■ Study material
┏━━

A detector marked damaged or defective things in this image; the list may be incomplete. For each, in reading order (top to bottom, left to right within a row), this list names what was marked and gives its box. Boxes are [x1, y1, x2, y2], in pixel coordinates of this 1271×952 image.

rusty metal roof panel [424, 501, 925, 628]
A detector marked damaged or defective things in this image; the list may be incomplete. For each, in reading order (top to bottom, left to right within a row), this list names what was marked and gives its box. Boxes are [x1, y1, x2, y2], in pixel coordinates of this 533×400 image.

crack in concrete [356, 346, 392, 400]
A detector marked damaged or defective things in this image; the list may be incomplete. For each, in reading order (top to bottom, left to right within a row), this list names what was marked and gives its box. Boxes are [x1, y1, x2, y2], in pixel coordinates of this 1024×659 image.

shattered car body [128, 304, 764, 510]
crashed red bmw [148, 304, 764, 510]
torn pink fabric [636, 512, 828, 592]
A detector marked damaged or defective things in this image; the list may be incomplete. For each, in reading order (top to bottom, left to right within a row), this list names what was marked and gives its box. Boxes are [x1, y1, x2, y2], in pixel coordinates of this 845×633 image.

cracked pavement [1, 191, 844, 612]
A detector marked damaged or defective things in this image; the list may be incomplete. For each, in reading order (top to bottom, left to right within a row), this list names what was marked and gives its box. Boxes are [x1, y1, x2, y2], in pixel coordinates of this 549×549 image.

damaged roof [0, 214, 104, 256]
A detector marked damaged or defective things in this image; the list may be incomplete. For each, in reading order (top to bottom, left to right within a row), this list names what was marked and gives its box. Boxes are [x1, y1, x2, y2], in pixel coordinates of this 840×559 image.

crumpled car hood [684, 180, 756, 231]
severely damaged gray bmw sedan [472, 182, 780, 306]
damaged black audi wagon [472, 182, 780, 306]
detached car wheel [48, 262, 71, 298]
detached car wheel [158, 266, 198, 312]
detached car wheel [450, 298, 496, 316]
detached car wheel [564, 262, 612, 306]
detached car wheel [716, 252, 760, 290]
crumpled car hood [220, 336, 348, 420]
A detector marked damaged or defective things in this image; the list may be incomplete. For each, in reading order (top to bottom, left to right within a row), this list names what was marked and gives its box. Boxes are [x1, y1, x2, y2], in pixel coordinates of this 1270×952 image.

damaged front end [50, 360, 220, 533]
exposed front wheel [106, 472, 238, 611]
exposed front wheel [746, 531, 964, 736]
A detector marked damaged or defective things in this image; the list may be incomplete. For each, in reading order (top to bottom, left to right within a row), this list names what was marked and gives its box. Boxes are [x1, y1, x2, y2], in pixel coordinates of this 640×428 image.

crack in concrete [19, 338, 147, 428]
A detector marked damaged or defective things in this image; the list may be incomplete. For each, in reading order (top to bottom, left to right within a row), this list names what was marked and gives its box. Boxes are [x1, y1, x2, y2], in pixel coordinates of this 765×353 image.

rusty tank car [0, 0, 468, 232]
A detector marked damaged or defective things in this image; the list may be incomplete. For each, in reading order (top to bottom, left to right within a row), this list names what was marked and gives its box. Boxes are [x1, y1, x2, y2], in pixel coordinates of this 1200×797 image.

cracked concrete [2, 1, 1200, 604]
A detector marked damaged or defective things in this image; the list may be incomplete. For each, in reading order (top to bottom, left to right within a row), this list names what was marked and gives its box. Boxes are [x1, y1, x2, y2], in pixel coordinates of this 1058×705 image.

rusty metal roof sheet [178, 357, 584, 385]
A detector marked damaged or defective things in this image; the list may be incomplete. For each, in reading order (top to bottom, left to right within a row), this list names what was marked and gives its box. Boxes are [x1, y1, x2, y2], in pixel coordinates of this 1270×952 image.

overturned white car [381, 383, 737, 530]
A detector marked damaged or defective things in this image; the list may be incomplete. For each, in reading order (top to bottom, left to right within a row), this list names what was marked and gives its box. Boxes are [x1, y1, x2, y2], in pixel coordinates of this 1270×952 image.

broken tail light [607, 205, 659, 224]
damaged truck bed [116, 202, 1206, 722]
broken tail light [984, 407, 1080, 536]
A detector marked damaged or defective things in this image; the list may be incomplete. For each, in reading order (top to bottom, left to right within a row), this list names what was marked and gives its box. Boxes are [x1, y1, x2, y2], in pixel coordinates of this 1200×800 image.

┗━━

■ Exercise directions
Restate the material above exactly, leaving nothing out.

■ Solution to this task
A detector marked damaged or defective things in this image; the list may be incomplete. For each, in reading order (top to bottom, left to right within a row), this list names what was marked and gives its box. Boxes are [x1, y1, x2, y2], in pixel coordinates of this 1271×952 image.

rusty metal roof panel [424, 501, 925, 628]
A detector marked damaged or defective things in this image; the list may be incomplete. For each, in reading order (top to bottom, left to right within a row), this list names what was marked and gives its box. Boxes are [x1, y1, x2, y2], in pixel coordinates of this 533×400 image.

crack in concrete [356, 346, 392, 400]
A detector marked damaged or defective things in this image; the list may be incomplete. For each, in reading order (top to bottom, left to right within a row), this list names what was marked and gives its box. Boxes are [x1, y1, x2, y2], in pixel coordinates of this 1024×659 image.

shattered car body [128, 304, 764, 510]
crashed red bmw [148, 304, 764, 510]
torn pink fabric [636, 512, 828, 592]
A detector marked damaged or defective things in this image; the list may be incomplete. For each, in reading order (top to bottom, left to right within a row), this list names what was marked and gives its box. Boxes are [x1, y1, x2, y2], in pixel coordinates of this 845×633 image.

cracked pavement [1, 191, 844, 612]
A detector marked damaged or defective things in this image; the list may be incomplete. For each, in reading order (top to bottom, left to right within a row), this list names what was marked and gives its box. Boxes are [x1, y1, x2, y2], in pixel coordinates of this 549×549 image.

damaged roof [0, 214, 104, 256]
A detector marked damaged or defective things in this image; the list may be incomplete. For each, in reading order (top to bottom, left to right within a row), this list names what was marked and gives its box. Boxes are [x1, y1, x2, y2], in pixel coordinates of this 840×559 image.

crumpled car hood [684, 180, 756, 231]
severely damaged gray bmw sedan [472, 182, 780, 306]
damaged black audi wagon [472, 182, 780, 306]
detached car wheel [48, 262, 71, 298]
detached car wheel [158, 266, 198, 312]
detached car wheel [450, 298, 496, 316]
detached car wheel [564, 262, 612, 306]
detached car wheel [716, 252, 760, 290]
crumpled car hood [220, 336, 348, 420]
A detector marked damaged or defective things in this image; the list may be incomplete. For each, in reading order (top to bottom, left to right within a row), this list names what was marked and gives its box. Boxes are [x1, y1, x2, y2], in pixel coordinates of this 1270×952 image.

damaged front end [50, 360, 220, 533]
exposed front wheel [106, 472, 238, 611]
exposed front wheel [746, 531, 964, 736]
A detector marked damaged or defective things in this image; the list may be incomplete. For each, in reading order (top to bottom, left to right within a row), this list names what was marked and gives its box. Boxes are [x1, y1, x2, y2], in pixel coordinates of this 640×428 image.

crack in concrete [19, 338, 147, 428]
A detector marked damaged or defective things in this image; the list may be incomplete. For each, in reading order (top to bottom, left to right within a row), this list names what was marked and gives its box. Boxes are [x1, y1, x2, y2], in pixel coordinates of this 765×353 image.

rusty tank car [0, 0, 468, 232]
A detector marked damaged or defective things in this image; the list may be incomplete. For each, in reading order (top to bottom, left to right within a row), this list names what was marked and gives its box. Boxes are [x1, y1, x2, y2], in pixel coordinates of this 1200×797 image.

cracked concrete [2, 1, 1200, 604]
A detector marked damaged or defective things in this image; the list may be incomplete. For each, in reading order (top to bottom, left to right within a row), this list names what was marked and gives its box. Boxes are [x1, y1, x2, y2], in pixel coordinates of this 1058×705 image.

rusty metal roof sheet [178, 357, 584, 385]
A detector marked damaged or defective things in this image; the list may be incomplete. For each, in reading order (top to bottom, left to right within a row), this list names what was marked and gives its box. Boxes are [x1, y1, x2, y2], in pixel coordinates of this 1270×952 image.

overturned white car [381, 383, 737, 530]
A detector marked damaged or defective things in this image; the list may be incomplete. For each, in reading order (top to bottom, left to right within a row), this list names what was marked and gives its box. Boxes are [x1, y1, x2, y2], in pixel coordinates of this 1270×952 image.

broken tail light [607, 205, 659, 224]
damaged truck bed [116, 202, 1206, 722]
broken tail light [984, 407, 1080, 536]
A detector marked damaged or defective things in this image; the list may be incomplete. For each, in reading order (top to bottom, left to right within a row), this list names what was marked and gives its box. Boxes are [x1, y1, x2, y2], in pixel coordinates of this 1200×800 image.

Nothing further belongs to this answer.